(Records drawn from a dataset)

—————

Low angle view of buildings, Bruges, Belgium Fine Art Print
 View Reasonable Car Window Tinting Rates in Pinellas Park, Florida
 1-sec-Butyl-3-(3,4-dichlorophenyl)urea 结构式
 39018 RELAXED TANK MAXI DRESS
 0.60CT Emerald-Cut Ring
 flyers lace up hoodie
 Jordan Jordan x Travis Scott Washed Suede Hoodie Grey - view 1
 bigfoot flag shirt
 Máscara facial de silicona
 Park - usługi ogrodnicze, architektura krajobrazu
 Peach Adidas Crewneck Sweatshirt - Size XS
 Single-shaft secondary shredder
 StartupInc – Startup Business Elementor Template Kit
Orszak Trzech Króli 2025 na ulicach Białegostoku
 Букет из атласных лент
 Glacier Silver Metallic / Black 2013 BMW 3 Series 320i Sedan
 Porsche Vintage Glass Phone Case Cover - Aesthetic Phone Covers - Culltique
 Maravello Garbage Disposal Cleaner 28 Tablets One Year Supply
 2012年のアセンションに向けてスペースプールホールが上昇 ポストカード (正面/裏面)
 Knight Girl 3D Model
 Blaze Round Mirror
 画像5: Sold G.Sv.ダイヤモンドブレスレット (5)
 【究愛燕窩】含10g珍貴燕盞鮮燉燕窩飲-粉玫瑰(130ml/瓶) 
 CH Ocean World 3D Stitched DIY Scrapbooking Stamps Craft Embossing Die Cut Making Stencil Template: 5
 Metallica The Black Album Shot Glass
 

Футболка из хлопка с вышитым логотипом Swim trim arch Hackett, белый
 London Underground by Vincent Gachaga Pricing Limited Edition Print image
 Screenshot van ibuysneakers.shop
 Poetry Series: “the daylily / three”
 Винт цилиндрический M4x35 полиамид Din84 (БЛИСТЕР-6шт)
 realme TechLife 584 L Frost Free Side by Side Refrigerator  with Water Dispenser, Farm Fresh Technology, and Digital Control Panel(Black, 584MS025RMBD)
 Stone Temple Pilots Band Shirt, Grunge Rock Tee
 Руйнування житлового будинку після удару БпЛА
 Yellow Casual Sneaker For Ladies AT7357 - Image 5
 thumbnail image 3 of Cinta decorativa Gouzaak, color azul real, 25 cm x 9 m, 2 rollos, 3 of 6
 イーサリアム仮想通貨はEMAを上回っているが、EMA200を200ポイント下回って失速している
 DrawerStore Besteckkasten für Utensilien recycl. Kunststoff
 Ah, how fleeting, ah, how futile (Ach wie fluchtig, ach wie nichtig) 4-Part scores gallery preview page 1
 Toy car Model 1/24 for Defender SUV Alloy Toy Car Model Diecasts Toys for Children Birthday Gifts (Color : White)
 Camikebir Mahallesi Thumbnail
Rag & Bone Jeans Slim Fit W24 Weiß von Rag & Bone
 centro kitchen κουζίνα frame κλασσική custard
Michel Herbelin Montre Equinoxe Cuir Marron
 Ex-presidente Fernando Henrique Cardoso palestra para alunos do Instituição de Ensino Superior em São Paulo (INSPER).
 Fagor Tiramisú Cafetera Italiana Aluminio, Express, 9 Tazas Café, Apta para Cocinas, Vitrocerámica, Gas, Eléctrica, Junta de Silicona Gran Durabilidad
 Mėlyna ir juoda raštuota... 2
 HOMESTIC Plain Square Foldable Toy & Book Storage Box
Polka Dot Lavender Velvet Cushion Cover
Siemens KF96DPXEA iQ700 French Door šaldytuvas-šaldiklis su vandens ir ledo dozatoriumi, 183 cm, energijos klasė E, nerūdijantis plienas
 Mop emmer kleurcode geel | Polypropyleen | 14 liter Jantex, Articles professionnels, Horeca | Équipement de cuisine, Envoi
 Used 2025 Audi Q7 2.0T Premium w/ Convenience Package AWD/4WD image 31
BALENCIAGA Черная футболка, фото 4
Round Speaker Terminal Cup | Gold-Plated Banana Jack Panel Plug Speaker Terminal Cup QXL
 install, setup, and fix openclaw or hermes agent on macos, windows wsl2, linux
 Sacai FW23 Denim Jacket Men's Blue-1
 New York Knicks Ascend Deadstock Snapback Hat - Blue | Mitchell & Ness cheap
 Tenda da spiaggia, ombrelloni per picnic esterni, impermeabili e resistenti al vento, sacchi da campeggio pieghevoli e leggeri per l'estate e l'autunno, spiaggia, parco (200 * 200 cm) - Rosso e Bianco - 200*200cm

—————

- **Task details**
Repeat the records, every one of them, without any deviation.

- **Exercise answer**
Low angle view of buildings, Bruges, Belgium Fine Art Print
 View Reasonable Car Window Tinting Rates in Pinellas Park, Florida
 1-sec-Butyl-3-(3,4-dichlorophenyl)urea 结构式
 39018 RELAXED TANK MAXI DRESS
 0.60CT Emerald-Cut Ring
 flyers lace up hoodie
 Jordan Jordan x Travis Scott Washed Suede Hoodie Grey - view 1
 bigfoot flag shirt
 Máscara facial de silicona
 Park - usługi ogrodnicze, architektura krajobrazu
 Peach Adidas Crewneck Sweatshirt - Size XS
 Single-shaft secondary shredder
 StartupInc – Startup Business Elementor Template Kit
Orszak Trzech Króli 2025 na ulicach Białegostoku
 Букет из атласных лент
 Glacier Silver Metallic / Black 2013 BMW 3 Series 320i Sedan
 Porsche Vintage Glass Phone Case Cover - Aesthetic Phone Covers - Culltique
 Maravello Garbage Disposal Cleaner 28 Tablets One Year Supply
 2012年のアセンションに向けてスペースプールホールが上昇 ポストカード (正面/裏面)
 Knight Girl 3D Model
 Blaze Round Mirror
 画像5: Sold G.Sv.ダイヤモンドブレスレット (5)
 【究愛燕窩】含10g珍貴燕盞鮮燉燕窩飲-粉玫瑰(130ml/瓶) 
 CH Ocean World 3D Stitched DIY Scrapbooking Stamps Craft Embossing Die Cut Making Stencil Template: 5
 Metallica The Black Album Shot Glass
 

Футболка из хлопка с вышитым логотипом Swim trim arch Hackett, белый
 London Underground by Vincent Gachaga Pricing Limited Edition Print image
 Screenshot van ibuysneakers.shop
 Poetry Series: “the daylily / three”
 Винт цилиндрический M4x35 полиамид Din84 (БЛИСТЕР-6шт)
 realme TechLife 584 L Frost Free Side by Side Refrigerator  with Water Dispenser, Farm Fresh Technology, and Digital Control Panel(Black, 584MS025RMBD)
 Stone Temple Pilots Band Shirt, Grunge Rock Tee
 Руйнування житлового будинку після удару БпЛА
 Yellow Casual Sneaker For Ladies AT7357 - Image 5
 thumbnail image 3 of Cinta decorativa Gouzaak, color azul real, 25 cm x 9 m, 2 rollos, 3 of 6
 イーサリアム仮想通貨はEMAを上回っているが、EMA200を200ポイント下回って失速している
 DrawerStore Besteckkasten für Utensilien recycl. Kunststoff
 Ah, how fleeting, ah, how futile (Ach wie fluchtig, ach wie nichtig) 4-Part scores gallery preview page 1
 Toy car Model 1/24 for Defender SUV Alloy Toy Car Model Diecasts Toys for Children Birthday Gifts (Color : White)
 Camikebir Mahallesi Thumbnail
Rag & Bone Jeans Slim Fit W24 Weiß von Rag & Bone
 centro kitchen κουζίνα frame κλασσική custard
Michel Herbelin Montre Equinoxe Cuir Marron
 Ex-presidente Fernando Henrique Cardoso palestra para alunos do Instituição de Ensino Superior em São Paulo (INSPER).
 Fagor Tiramisú Cafetera Italiana Aluminio, Express, 9 Tazas Café, Apta para Cocinas, Vitrocerámica, Gas, Eléctrica, Junta de Silicona Gran Durabilidad
 Mėlyna ir juoda raštuota... 2
 HOMESTIC Plain Square Foldable Toy & Book Storage Box
Polka Dot Lavender Velvet Cushion Cover
Siemens KF96DPXEA iQ700 French Door šaldytuvas-šaldiklis su vandens ir ledo dozatoriumi, 183 cm, energijos klasė E, nerūdijantis plienas
 Mop emmer kleurcode geel | Polypropyleen | 14 liter Jantex, Articles professionnels, Horeca | Équipement de cuisine, Envoi
 Used 2025 Audi Q7 2.0T Premium w/ Convenience Package AWD/4WD image 31
BALENCIAGA Черная футболка, фото 4
Round Speaker Terminal Cup | Gold-Plated Banana Jack Panel Plug Speaker Terminal Cup QXL
 install, setup, and fix openclaw or hermes agent on macos, windows wsl2, linux
 Sacai FW23 Denim Jacket Men's Blue-1
 New York Knicks Ascend Deadstock Snapback Hat - Blue | Mitchell & Ness cheap
 Tenda da spiaggia, ombrelloni per picnic esterni, impermeabili e resistenti al vento, sacchi da campeggio pieghevoli e leggeri per l'estate e l'autunno, spiaggia, parco (200 * 200 cm) - Rosso e Bianco - 200*200cm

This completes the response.